The Compost Toilet

As mentioned in the earlier post, one of the most important things I’ve learned while living tiny and off-grid is that compost toilets aren’t really a big deal.

My compost toilet.

My compost toilet.

When people find out that I use a compost toilet, they are surprised and fascinated. It’s amazing just how much our society has become detached from such a basic human function. One of my heroes, Mark Boyle, once said: “If we had to clean our own drinking water, we probably wouldn’t shit in it,” and I truly believe the detachment we have with regard to our resources and our own bodies has led to the environmental problems we have today.

I believe another reason people are surprised to discover I use a compost toilet is because I’m a rather “prissy” person, and my fastidiousness when it comes to keeping clean clashes with their preconceived notions of what a compost toilet, and people who use one, are like. People assume compost toilets are like an outhouse or portable-potty: dark, dank, stinky, and dirty. This couldn’t be further from the truth.

As I researched different methods of composting “humanure”, I settled on the dry composting (also known as “waterless”) method.

There are different dry composting systems. There are toilets that are self-contained composting units that supposedly break down waste into compost quickly and have no smell, but it just didn’t make sense to be spending $2000 on a mechanical unit that was unattractive, filled with mechanical parts that can break/need replacing, and just speeds up a natural process.

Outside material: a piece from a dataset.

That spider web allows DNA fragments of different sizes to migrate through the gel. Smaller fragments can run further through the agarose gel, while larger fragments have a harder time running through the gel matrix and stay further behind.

There are incinerator toilets. But I found they were also expensive, noisy, messy, and would increase my dependency on propane.

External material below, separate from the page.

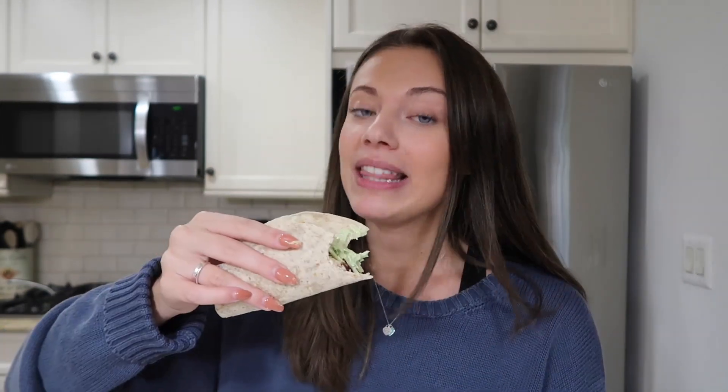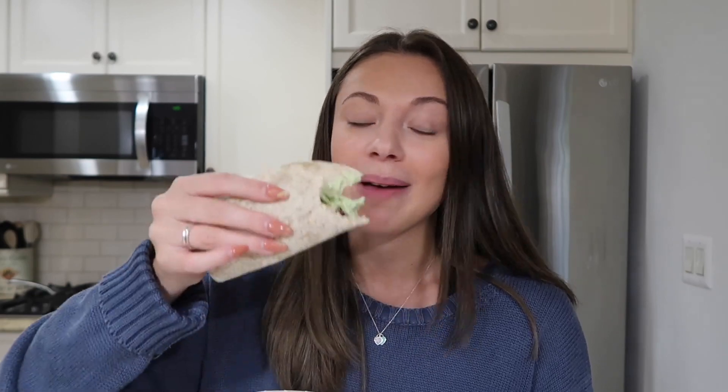These are seriously so delicious — I want to make this for dinner every single night. And to me the best part are the Mission Ricardo's tortillas. They are super airy, super soft, they're also durable, they aren't cracking, they aren't breaking. Absolutely delicious.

So I went with the simple sawdust and plastic 5 gallon bucket design. The bucket is hidden by a wooden chamber lined with sheet vinyl for easy clean-up that has a regular toilet lid on top. And after more than a year of composting my waste via this method I can say with some authority that it’s not difficult, icky, or smelly. Emptying and cleaning the bucket is simple, the toilet chamber is easy to keep clean, and next year I will have new soil that I can use in my garden.

Compost directions.

Compost directions.

I put directions on the wall above the toilet for people who come to my home. You “do your business” as usual, then cover with multiple scoops of fresh sawdust from non-treated wood (I get my sawdust for free from a neighbor who mills wood on his property). The sawdust is what prevents odor – not the toilet lid (but the lid is kept down to deter pests). You can also use peat moss as cover material for the compost, and during the winter I also use some of the ash from my wood stove (after it has cooled). All three absorb odor and moisture, and once waste is covered up with the material, there is no smell.

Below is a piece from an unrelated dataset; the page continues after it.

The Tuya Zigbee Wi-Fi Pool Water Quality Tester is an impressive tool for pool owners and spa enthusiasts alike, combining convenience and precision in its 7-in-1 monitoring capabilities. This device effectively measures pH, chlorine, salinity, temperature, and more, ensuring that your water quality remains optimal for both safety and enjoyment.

The inside of the chamber is easy to clean up with a quick spray and wipe down. I rotate between two 5 gallon compost buckets and usually have to empty a bucket about twice a week. When the bucket is full, I remove it from the chamber through a small hidden door on the outside of the house and then dump it in the compost bin (which is also where I also put my kitchen compost). I then rinse out the bucket and pour that water into the compost bin, too. Once the bucket is emptied and rinsed, I let it dry out and place the second empty bucket back into the chamber, cover the bottom with an inch of sawdust, and it’s ready to be used again.

My composting area is made out of wooden pallets. I do a layer method: greens (a nitrogen layer which includes green grass clippings, food scraps, coffee grounds, etc.), then browns (a carbon layer that includes dry grass, dry leaves, and dry hay or straw), then greens, then browns.  The colors are weird because some of the “greens” are brown in color, but the idea is that the carbon materials are more dead dry stuff and the nitrogen is hot rotting stuff. I keep long hay and grass to cover the top of the compost after it is dumped. This top layer of long hay/long greens helps control any odor from the decomposing compost pile.

I don’t know, maybe I’m different than my sustainable peers who have already written on the subject of dry compost toilets, but I did not find the transition difficult to make. I grumble a bit when I have to empty the bucket when I’m tired, or when it’s cold outside (I remember the first time I found the bucket contents had frozen in the winter – what the hell?!? Then I discovered that giving the bucket a couple kicks on the side loosened things up so it could be emptied without a problem), but that’s no different than the grumble people make when they have to take out the trash. The benefits of turning waste and food scraps into an important environmental resource that can be used to grow food far outweighs any perceived momentary inconvenience.